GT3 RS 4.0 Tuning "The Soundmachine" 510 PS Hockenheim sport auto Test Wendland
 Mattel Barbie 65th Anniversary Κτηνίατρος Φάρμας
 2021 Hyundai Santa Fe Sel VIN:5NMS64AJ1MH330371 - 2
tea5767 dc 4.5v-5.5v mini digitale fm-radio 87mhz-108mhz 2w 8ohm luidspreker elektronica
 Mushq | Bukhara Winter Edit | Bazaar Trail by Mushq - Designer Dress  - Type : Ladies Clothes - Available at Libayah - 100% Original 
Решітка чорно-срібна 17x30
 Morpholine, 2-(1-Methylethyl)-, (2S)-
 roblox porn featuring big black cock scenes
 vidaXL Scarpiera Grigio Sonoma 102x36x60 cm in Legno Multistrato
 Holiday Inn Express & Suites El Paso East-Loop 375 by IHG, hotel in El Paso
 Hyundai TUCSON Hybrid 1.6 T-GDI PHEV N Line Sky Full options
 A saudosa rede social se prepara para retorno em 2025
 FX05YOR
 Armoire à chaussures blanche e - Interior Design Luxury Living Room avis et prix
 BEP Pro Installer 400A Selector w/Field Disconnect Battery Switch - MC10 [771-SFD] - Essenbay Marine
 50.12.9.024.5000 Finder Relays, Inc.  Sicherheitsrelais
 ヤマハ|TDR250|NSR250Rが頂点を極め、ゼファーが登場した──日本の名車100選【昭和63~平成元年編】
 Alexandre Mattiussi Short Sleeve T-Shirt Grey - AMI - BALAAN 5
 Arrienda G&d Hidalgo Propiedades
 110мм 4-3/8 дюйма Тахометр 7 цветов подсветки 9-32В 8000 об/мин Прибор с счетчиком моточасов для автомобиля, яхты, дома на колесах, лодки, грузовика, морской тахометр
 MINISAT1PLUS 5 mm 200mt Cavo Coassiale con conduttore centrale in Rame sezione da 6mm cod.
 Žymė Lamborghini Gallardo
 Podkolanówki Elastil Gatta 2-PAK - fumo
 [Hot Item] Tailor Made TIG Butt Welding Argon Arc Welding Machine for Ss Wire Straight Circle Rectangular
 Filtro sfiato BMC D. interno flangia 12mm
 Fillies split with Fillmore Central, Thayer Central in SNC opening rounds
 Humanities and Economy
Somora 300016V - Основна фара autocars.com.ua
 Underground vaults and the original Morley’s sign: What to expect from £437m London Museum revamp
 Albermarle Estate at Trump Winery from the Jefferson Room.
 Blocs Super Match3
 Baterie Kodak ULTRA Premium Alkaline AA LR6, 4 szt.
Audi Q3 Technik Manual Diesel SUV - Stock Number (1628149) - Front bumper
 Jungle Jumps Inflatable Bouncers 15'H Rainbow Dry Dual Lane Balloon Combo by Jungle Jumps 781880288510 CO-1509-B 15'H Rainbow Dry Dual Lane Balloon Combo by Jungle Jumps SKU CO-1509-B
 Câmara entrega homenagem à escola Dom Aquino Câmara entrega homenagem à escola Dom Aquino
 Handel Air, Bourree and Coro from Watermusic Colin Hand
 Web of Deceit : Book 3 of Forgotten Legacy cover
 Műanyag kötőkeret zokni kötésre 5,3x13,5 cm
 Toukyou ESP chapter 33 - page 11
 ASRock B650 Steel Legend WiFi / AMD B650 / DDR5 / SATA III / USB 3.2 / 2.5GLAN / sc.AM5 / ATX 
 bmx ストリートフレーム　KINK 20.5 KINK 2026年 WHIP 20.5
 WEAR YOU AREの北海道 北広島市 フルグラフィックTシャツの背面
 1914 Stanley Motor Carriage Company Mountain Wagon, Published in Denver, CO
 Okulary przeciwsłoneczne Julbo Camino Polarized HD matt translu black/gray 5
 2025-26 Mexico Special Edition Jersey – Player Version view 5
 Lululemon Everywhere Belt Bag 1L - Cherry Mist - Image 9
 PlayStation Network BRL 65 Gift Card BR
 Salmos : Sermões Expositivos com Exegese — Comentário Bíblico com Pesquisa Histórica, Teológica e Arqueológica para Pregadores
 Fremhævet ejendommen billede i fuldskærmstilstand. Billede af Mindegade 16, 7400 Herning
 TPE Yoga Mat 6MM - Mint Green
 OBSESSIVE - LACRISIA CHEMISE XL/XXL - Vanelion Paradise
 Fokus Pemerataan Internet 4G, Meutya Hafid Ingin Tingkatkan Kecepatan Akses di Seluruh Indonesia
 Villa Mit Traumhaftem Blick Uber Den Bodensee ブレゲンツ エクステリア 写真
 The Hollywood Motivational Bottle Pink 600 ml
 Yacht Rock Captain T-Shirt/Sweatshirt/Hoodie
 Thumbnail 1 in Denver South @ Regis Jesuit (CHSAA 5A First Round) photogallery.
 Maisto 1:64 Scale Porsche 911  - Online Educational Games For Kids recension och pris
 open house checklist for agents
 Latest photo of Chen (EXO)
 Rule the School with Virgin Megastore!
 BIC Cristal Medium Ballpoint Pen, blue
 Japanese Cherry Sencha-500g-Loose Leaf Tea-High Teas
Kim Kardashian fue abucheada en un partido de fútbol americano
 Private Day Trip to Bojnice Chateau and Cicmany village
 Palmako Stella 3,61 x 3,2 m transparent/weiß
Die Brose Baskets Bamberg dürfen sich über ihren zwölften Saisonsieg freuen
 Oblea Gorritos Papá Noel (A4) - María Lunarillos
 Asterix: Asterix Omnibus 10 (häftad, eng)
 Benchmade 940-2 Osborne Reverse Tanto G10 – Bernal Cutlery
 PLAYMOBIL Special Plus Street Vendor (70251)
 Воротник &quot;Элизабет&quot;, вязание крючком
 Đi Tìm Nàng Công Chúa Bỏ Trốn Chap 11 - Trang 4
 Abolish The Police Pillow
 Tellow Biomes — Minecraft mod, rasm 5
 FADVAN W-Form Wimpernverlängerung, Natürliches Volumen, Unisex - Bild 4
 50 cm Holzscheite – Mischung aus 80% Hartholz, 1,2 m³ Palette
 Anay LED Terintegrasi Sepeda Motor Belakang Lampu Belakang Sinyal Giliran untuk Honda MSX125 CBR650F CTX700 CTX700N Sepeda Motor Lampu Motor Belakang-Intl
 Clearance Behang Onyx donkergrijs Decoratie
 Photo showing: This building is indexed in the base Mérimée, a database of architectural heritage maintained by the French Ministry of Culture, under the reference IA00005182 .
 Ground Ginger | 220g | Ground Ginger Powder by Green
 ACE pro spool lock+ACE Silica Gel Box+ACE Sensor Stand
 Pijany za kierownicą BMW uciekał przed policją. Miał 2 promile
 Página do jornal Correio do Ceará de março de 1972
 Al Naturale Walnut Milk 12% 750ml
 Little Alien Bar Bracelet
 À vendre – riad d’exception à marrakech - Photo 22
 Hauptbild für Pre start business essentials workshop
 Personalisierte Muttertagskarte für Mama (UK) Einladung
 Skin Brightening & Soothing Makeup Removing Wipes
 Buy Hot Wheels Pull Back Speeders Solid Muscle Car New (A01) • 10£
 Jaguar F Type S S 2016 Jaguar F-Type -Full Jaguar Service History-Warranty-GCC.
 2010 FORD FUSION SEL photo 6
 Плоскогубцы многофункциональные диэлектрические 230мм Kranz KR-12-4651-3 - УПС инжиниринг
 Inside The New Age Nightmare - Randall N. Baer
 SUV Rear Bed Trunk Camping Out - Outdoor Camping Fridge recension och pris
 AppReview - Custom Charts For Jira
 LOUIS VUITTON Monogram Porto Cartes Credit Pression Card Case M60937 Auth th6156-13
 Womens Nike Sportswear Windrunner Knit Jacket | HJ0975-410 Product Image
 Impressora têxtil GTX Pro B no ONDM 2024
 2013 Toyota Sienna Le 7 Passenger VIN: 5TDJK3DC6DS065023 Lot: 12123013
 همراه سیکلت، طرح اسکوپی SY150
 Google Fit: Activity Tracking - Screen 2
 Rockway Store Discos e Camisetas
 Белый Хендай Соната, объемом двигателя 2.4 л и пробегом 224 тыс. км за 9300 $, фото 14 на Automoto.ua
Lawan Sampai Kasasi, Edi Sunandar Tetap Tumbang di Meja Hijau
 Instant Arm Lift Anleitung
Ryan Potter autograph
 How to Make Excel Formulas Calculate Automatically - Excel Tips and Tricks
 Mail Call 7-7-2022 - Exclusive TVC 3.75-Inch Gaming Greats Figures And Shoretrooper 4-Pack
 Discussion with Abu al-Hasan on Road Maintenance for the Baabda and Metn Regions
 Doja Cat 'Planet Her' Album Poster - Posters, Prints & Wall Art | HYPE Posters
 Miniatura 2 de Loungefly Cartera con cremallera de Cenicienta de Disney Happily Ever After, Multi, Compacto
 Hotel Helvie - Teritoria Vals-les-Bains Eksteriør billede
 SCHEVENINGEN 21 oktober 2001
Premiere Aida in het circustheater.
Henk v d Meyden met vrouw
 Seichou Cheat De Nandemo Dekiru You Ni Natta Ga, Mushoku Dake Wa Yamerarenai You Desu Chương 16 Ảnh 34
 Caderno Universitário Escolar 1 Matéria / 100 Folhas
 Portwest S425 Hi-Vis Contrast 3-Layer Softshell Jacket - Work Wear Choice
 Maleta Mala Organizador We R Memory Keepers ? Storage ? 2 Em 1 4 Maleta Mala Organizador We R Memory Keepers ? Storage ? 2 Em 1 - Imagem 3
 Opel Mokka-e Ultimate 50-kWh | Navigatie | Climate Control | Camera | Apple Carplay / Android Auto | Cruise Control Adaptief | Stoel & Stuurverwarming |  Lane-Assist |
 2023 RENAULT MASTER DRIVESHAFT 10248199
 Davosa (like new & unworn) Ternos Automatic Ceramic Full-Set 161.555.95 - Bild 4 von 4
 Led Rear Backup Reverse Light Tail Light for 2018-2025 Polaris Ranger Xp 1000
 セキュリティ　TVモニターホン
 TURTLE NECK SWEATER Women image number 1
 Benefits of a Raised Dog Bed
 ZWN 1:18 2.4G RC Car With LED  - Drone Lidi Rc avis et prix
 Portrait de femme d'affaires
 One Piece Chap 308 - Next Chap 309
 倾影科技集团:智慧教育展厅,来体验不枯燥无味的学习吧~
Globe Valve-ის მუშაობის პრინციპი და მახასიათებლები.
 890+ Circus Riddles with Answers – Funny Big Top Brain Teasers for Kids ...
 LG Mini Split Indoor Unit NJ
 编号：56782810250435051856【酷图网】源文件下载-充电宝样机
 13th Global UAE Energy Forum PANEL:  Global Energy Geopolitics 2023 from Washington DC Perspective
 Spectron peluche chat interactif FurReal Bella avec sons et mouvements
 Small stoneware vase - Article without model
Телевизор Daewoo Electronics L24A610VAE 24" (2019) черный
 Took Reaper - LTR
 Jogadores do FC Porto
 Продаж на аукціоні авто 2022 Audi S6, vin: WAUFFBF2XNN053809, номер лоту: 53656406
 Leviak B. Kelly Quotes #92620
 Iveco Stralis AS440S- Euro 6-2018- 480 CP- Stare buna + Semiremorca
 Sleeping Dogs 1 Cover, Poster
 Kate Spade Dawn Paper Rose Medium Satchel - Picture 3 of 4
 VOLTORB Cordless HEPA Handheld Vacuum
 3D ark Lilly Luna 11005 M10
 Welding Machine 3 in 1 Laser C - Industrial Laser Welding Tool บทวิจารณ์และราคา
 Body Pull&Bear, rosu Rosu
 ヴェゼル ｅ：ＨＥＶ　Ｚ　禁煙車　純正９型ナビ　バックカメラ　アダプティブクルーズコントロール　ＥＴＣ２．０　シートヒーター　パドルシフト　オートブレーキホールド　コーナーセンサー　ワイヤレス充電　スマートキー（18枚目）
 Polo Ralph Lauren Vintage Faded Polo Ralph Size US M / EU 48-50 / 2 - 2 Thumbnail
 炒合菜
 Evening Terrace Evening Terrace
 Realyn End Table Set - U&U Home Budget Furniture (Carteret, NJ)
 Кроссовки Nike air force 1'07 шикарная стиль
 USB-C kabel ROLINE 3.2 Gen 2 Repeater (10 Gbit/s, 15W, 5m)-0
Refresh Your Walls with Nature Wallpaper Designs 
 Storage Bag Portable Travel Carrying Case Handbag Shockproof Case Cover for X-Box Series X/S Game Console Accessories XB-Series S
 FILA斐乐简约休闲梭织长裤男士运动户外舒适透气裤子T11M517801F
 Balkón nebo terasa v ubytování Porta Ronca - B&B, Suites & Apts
◇ ◇ ◇ ◇ ◇ ◇ ◇
* _What is being asked_
Write the lines again exactly, from the first line of the material above to the line that includes "tea5767 dc 4.5v-5.5v", both included. Leave out all the rest.

* _Exercise output_
GT3 RS 4.0 Tuning "The Soundmachine" 510 PS Hockenheim sport auto Test Wendland
 Mattel Barbie 65th Anniversary Κτηνίατρος Φάρμας
 2021 Hyundai Santa Fe Sel VIN:5NMS64AJ1MH330371 - 2
tea5767 dc 4.5v-5.5v mini digitale fm-radio 87mhz-108mhz 2w 8ohm luidspreker elektronica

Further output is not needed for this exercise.